Не знаю, что ответить. Вчера моя бабуля вставила большую заплату на… заднем месте. Материал заплаты был новый и резко выделялся.
– Если надо, – отвечаю, опустив глаза.
– Надо, надо Лазарев. Завтра в 12 ты с Павловой в Кремле – будете работать. Ясно! Поедете на редакционной машине, через Боровицкие ворота. Все официально. Держись достойно. Да, не сказала главного. Вам будет давать интервью президент одной из стран. По поводу костюма пришлось встать на уши.
Я впервые обозреваю внутреннюю сторону Кремля из окна редакционной «Волги». Кто-то открывает дверь нашей машины. Двери открываются как бы сами собой, одна, вторая. Вестибюль с высоким потолком. Появляется военный, в неизвестной для меня форме с аксельбантами, козыряет как-то не по-нашему и щелкает каблуками. Звук эхом распространяется среди позолоты помещения. Моя спутница заговорила с встречающим по-французски. У него недоуменное лицо, она переходит на английский. Он жестом показывает, куда идти. Мы движемся вместе с этим военным. У следующей двери нас встречает человек во фраке. Процессия: военный, фрак, Павлова и я в середине. Мы движемся к следующей двери. Открывается дверь, и нас опять встречает военный мундир, но с большим количеством воинских знаков отличия. Мы движемся через анфиладу дверей по длинному коридору, идя в ногу с военными. Ритм шагов сближает, создавая впечатление единения, несмотря на декоративное различие костюмов. В большом зале сопровождающий штатский жестом показывает Павловой на кресло. Глядя на меня, не показывает ничего, он просто утвердительно кивает…
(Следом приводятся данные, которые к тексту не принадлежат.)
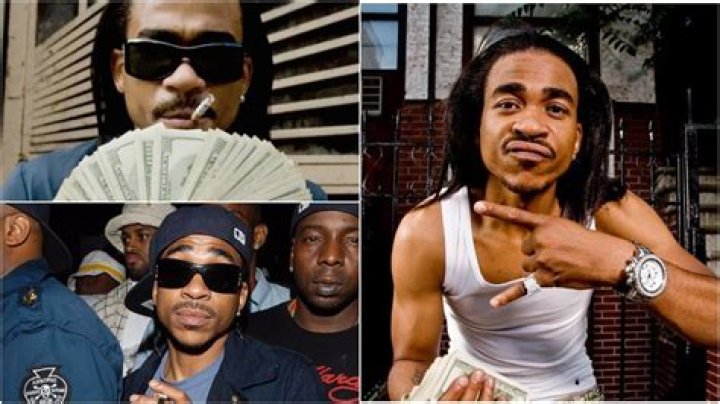 Max B Net Worth: Unveiling the Financial Empire Behind the Artist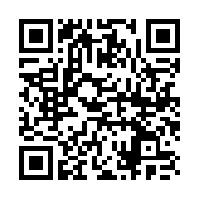 qrct 4aa68489c66030cc537e507933801d06 Temple Run для Android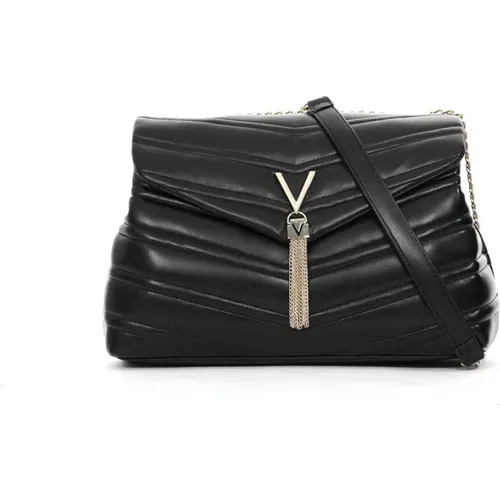 Bags > Cross Body Bags - - Valentino by Mario Valentino - Modalova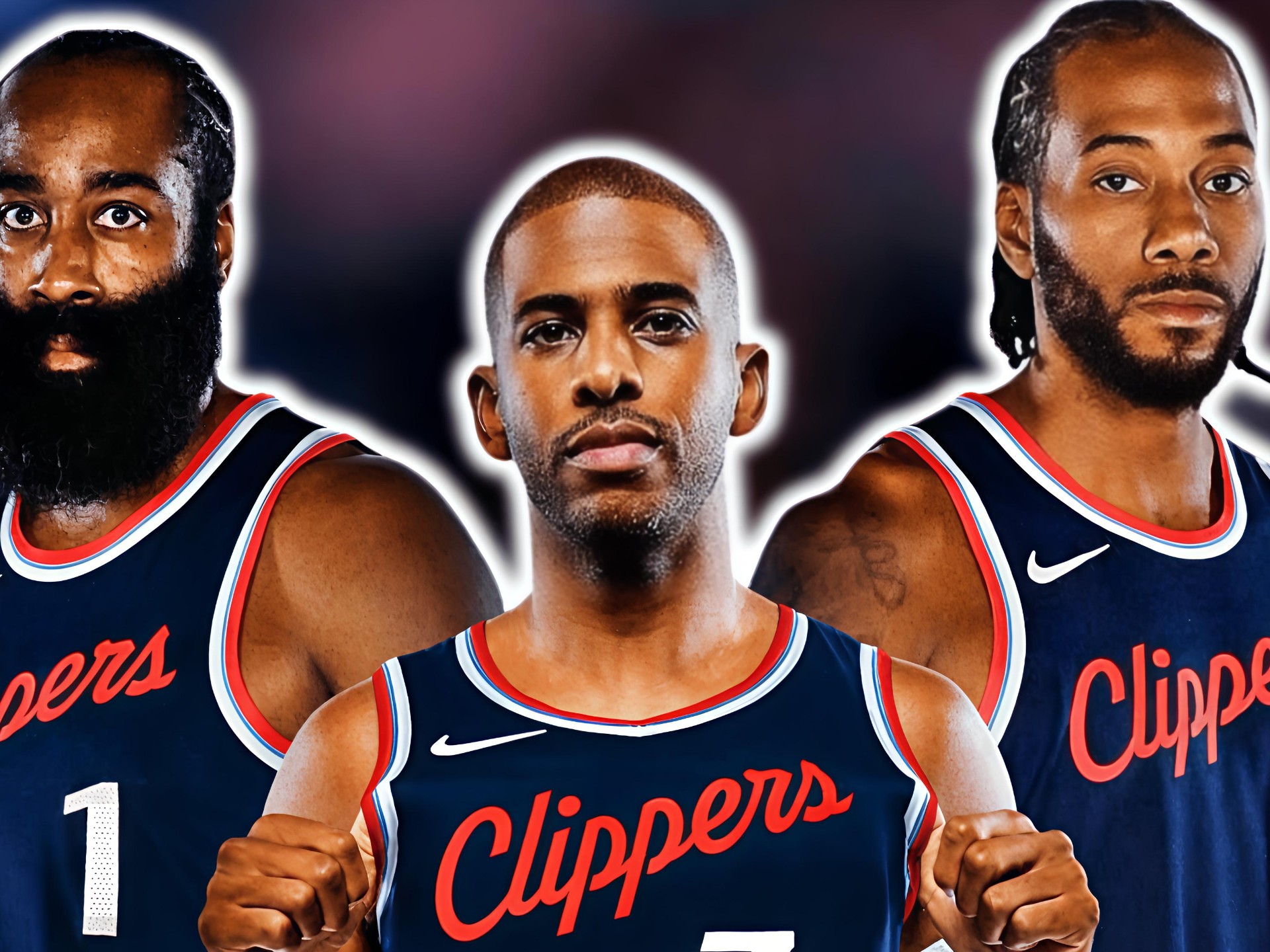 包含优直播体育nba篮球直播快船的词条 第1张 包含优直播体育nba篮球直播快船的词条 第1张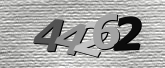Imagen de seguridad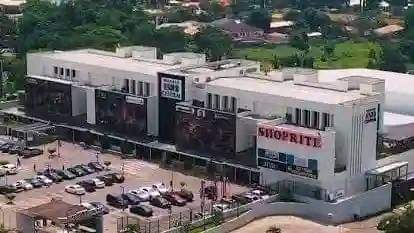 Shoprite to shutdown Abuja branch June 30 over state of economy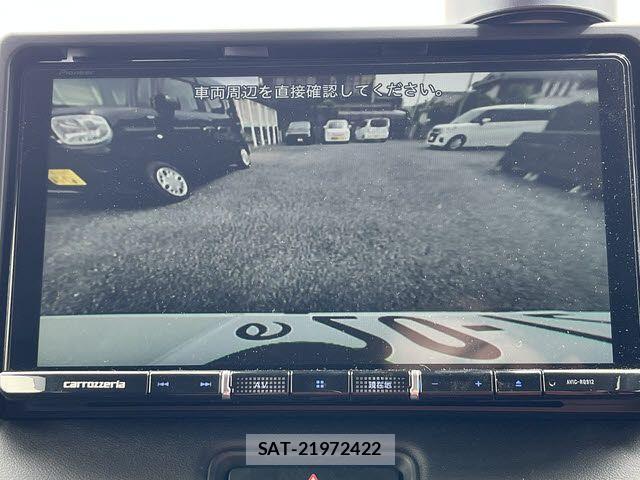 Honda VEZEL 2023-02 7226589-10
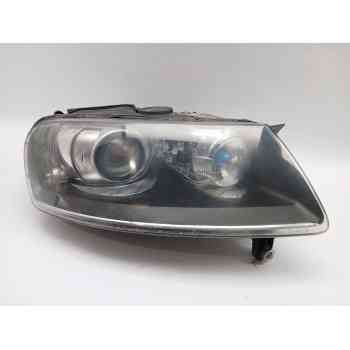 FARO DERECHO 89311945 7L6941018BN 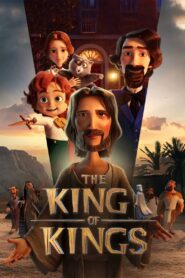 The King of Kings – 2025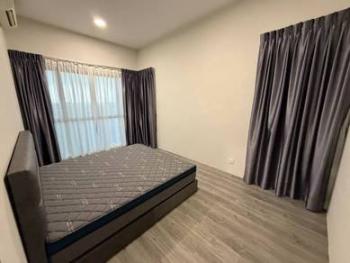 Apartment at Liberty Grove, Kuching, photo 5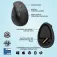 Logitech 910-006473 无线鼠标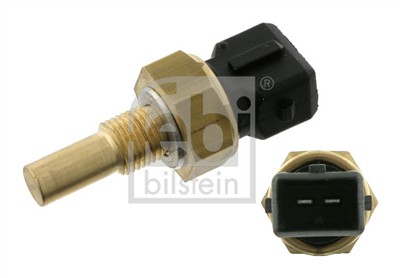 FEBI BILSTEIN 28334 EAN: 4027816283348.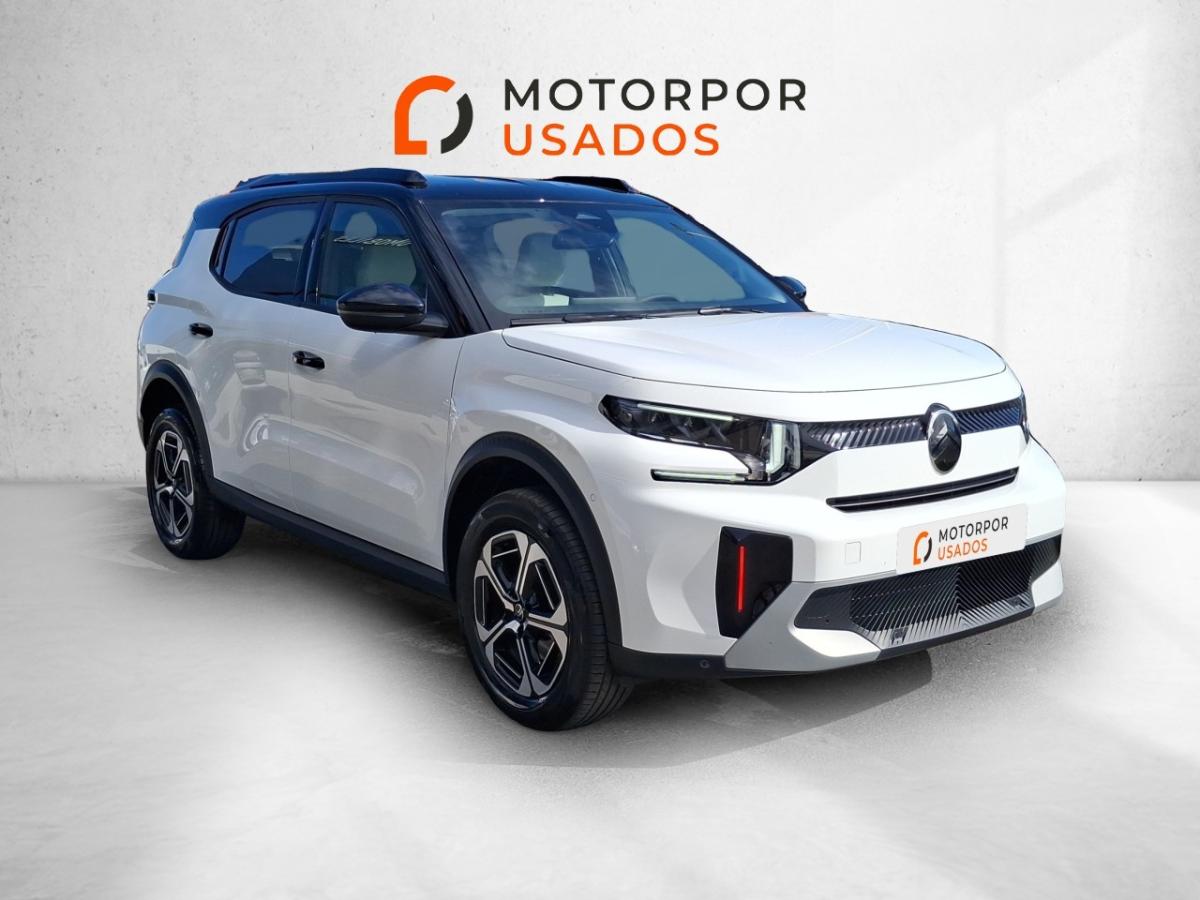 citroen-c3-aircross-2026-hibrido-a-gasolina-1199cc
Раздается звук удаляющихся шагов. Тихо… Мы смотрим друг на друга… Долго. Только сейчас в этой ожидающей тишине с позолотой я увидел обаятельную красавицу со взглядом и позой, говорящими, что это ее истинное место – вчера и сегодня. Мне захотелось легкой улыбки на ее губах. Хотелось поддержки от женщины в этой, почти нереальной, обстановке. Вспомнилась заплата на брюках… Что-то не срасталось…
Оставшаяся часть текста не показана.